## Task directions
Transcribe nothing except the lines below that run from the one with "DAS PALMENHAUS! Naturverbunden" to the one with "Wolf Blass Eaglehawk Cuvee Brut7", ends included, and do not copy any picture.

== Dataset content

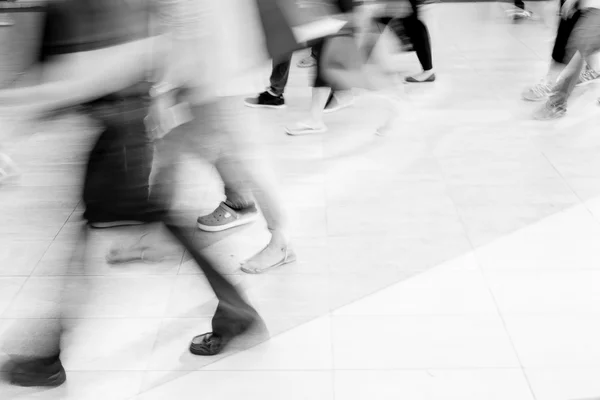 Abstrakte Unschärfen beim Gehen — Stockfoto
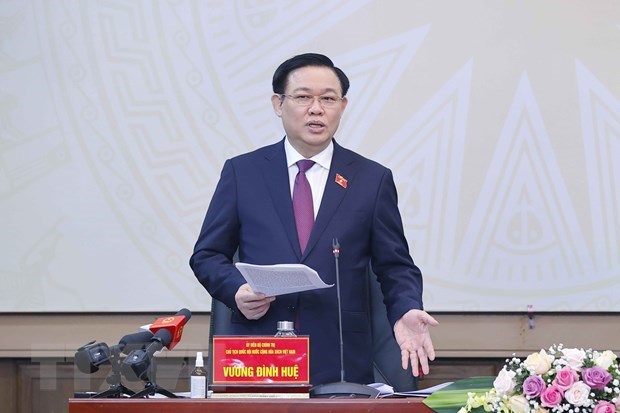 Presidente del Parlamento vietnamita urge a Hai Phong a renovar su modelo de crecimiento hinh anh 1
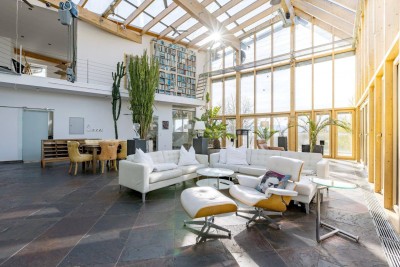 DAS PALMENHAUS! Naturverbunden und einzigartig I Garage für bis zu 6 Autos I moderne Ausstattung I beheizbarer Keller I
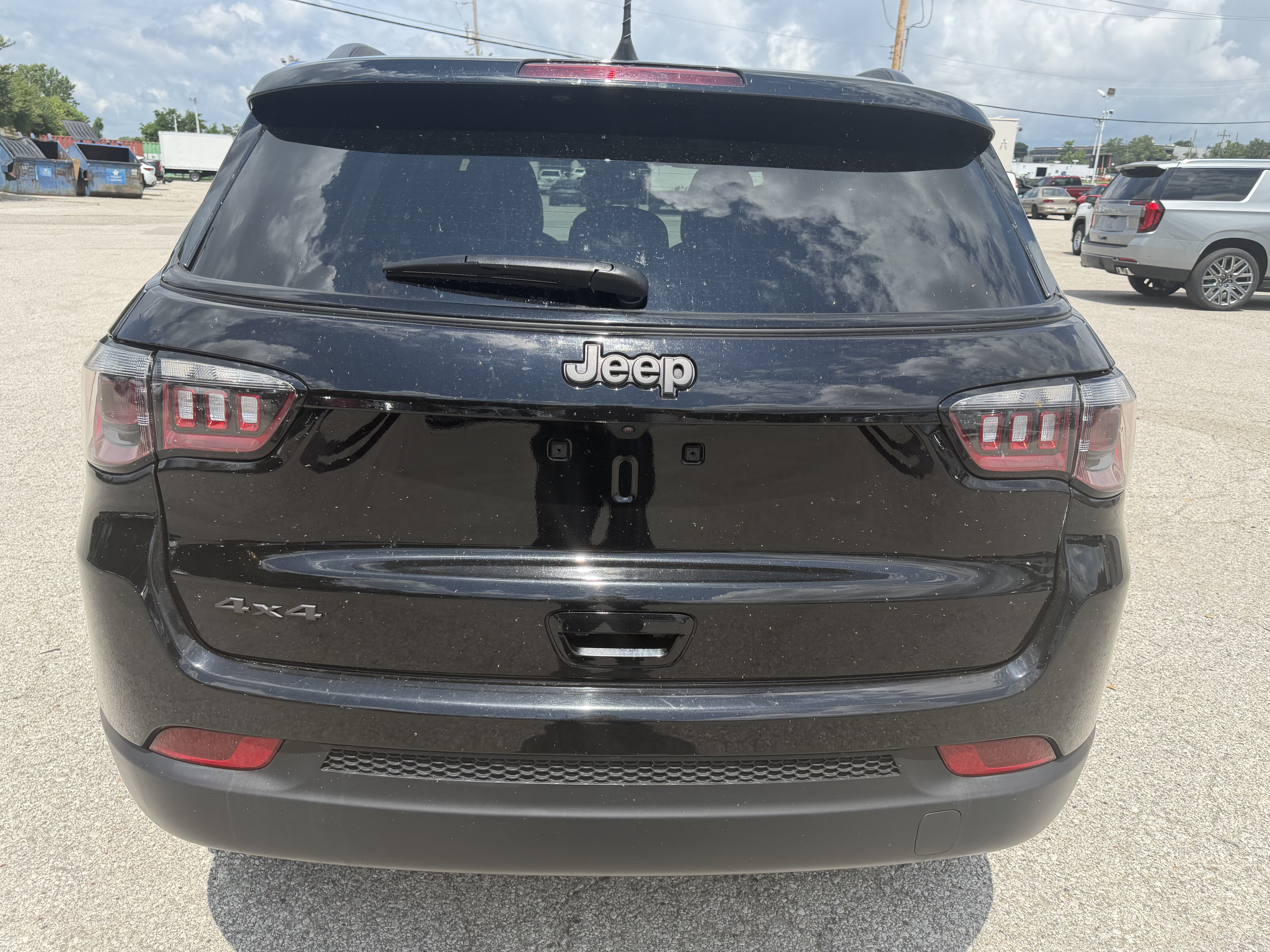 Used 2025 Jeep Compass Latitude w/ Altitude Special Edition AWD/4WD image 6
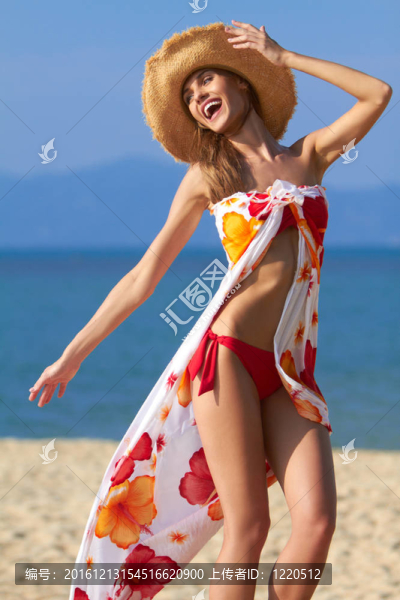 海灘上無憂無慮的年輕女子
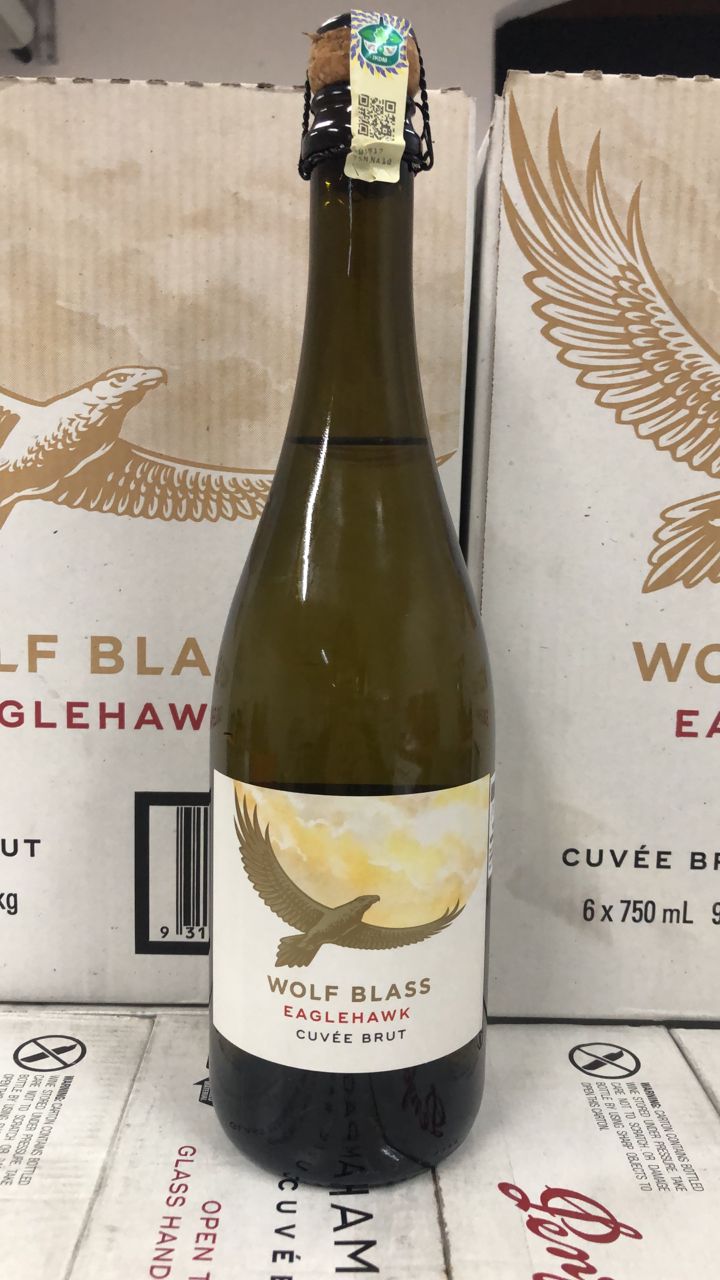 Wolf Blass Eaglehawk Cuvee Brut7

====
== Dataset content

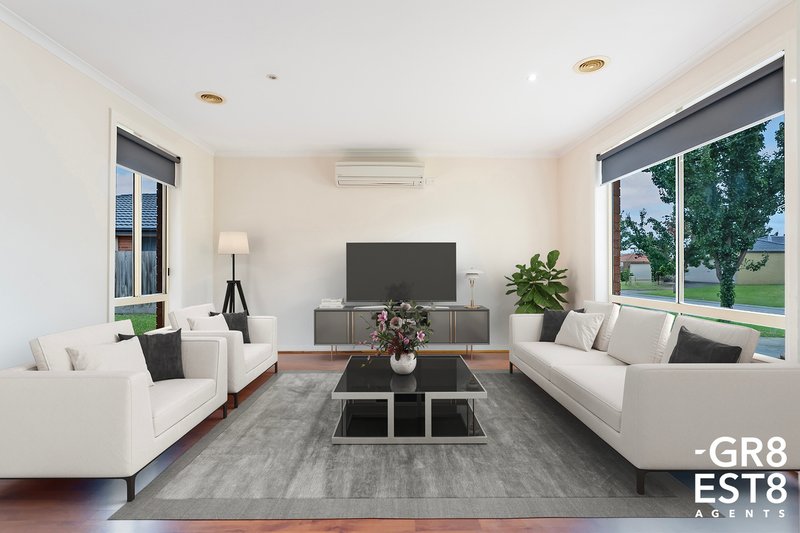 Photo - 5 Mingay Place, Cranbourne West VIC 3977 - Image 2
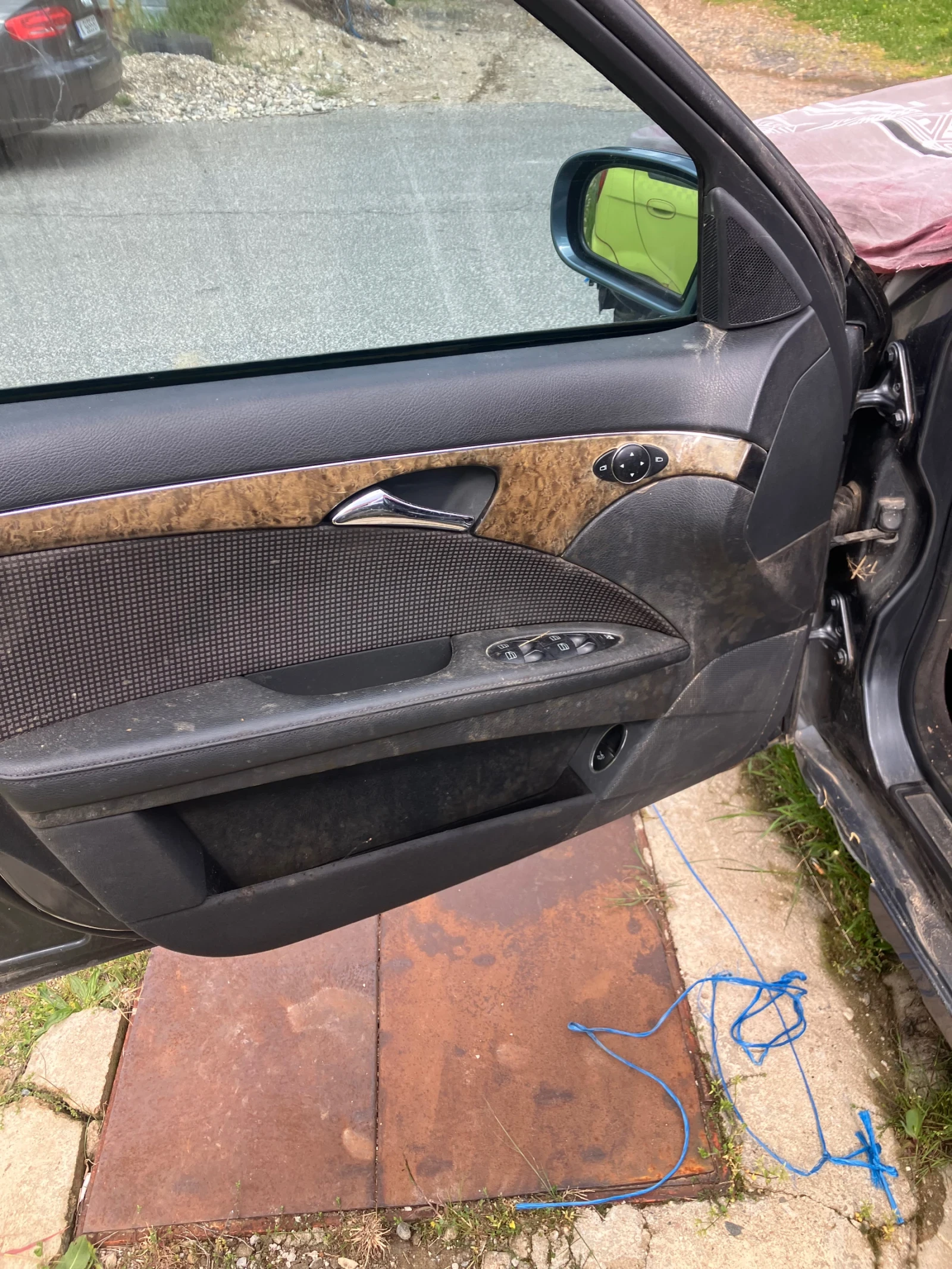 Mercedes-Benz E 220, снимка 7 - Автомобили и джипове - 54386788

====

## Response to the exercise
 DAS PALMENHAUS! Naturverbunden und einzigartig I Garage für bis zu 6 Autos I moderne Ausstattung I beheizbarer Keller I
 Used 2025 Jeep Compass Latitude w/ Altitude Special Edition AWD/4WD image 6
 海灘上無憂無慮的年輕女子
 Wolf Blass Eaglehawk Cuvee Brut7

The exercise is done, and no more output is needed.